US, allies at it again
WITH Washington having apparently been itching for another war in West Asia for quite some time now, it may never have been a question of ‘if’, but ‘when’, the United States will launch what it calls ‘limited’ airstrikes in Syria, to decimate the military capabilities of the forces loyal to president Bashar al-Assad. In fact, there are reasons to believe that, as pointed out by many the world over, it would have militarily intervened in Syria within days of the beginning of the ‘civil war’ between the pro- and anti-Assad forces, had the prolonged wars in Afghanistan and Iraq not significantly eroded its global standing — financial, military and diplomatic.
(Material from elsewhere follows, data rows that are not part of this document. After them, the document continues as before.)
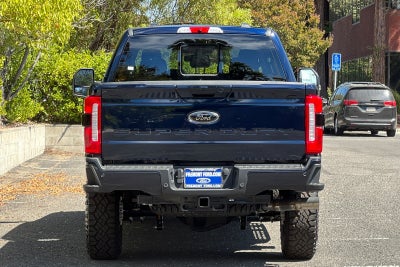 2025 Ford F-250SD Lariat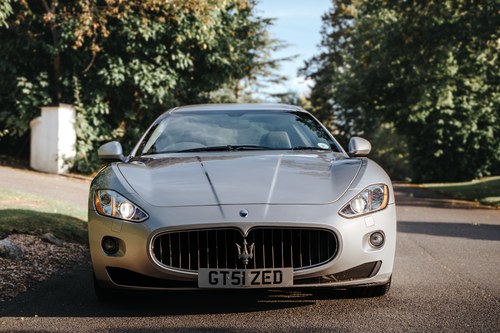 2007 Maserati GranTurismo 4.2 Auto zum Verkauf (Bild 10 von 132)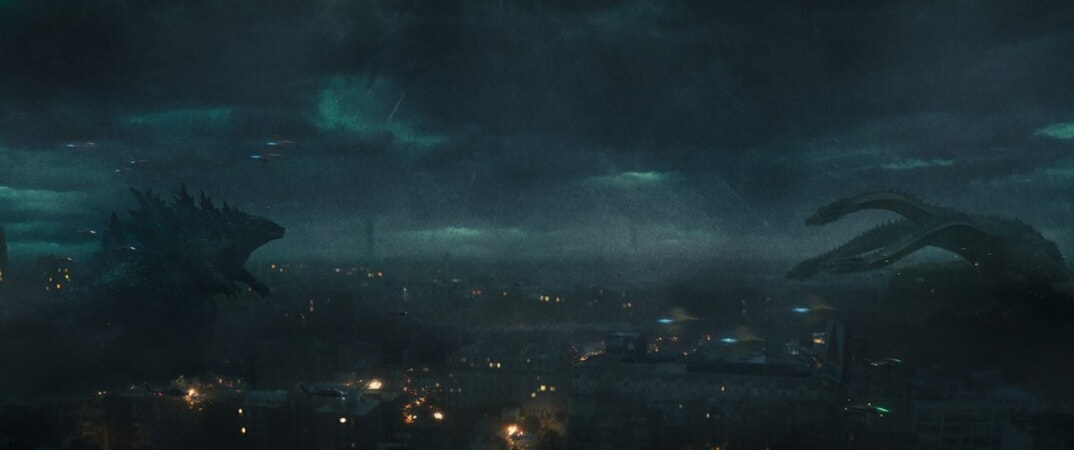 Godzilla: King Of The Monsters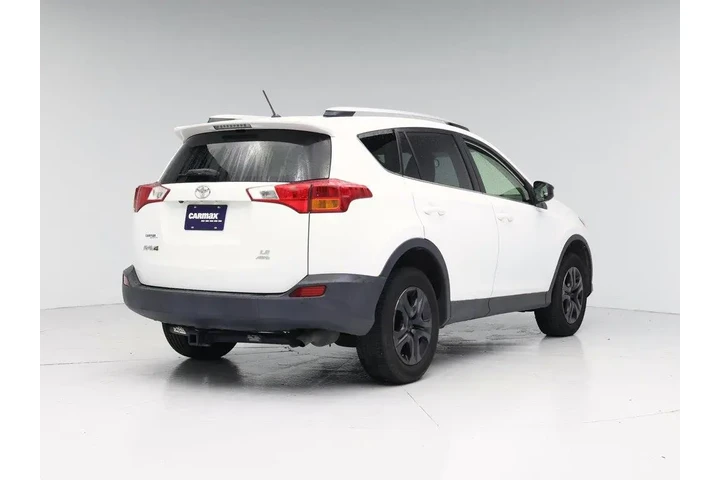 $17998 : Toyota RAV4 2015 AWD LE 4dr image 8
As such, along with its Western allies, read poodles, the administration of Barack Obama opted for an equally dangerous means of sustaining instability in Syria, slipping in military and other assistance for anti-Assad forces. The ploy does not seem to have worked in the interest of either the US or its allies; while the Assad regime has since consolidated its position, the rebel forces have appeared increasingly fractured, so much so that the US-led West’s plan to instigate a ‘regime change’ in Syria from within has looked to be in jeopardy. Hence, the intense war cry from the White House.
Not surprisingly, the reason that the US has cited for the necessity of a military intervention in Syria, i.e. the Assad regime has crossed the ‘redline’ by using chemical weapons on the rebels, is questionable, just as its reason for the invasion of Iraq, i.e. the Saddam regime had weapons of mass destruction. As in case of Iraq, in case of Syria, too, the US does not seem to be in any mood to wait for the United Nations inspectors to ascertain if it were the Assad regime or the rebels that had used the chemical weapons, so much so that it is even alleged to have attempted to derail the UN inspection. Moreover, the US has always resorted to duplicity on the issue of the use of chemical weapons, not only in case of Syria. Not only has its own force used chemical weapons in the Vietnam War, for example, the US has also sought to shield Israel from criticism and condemnation by the international community for its use of chemical weapons recently during a military operation in Gaza.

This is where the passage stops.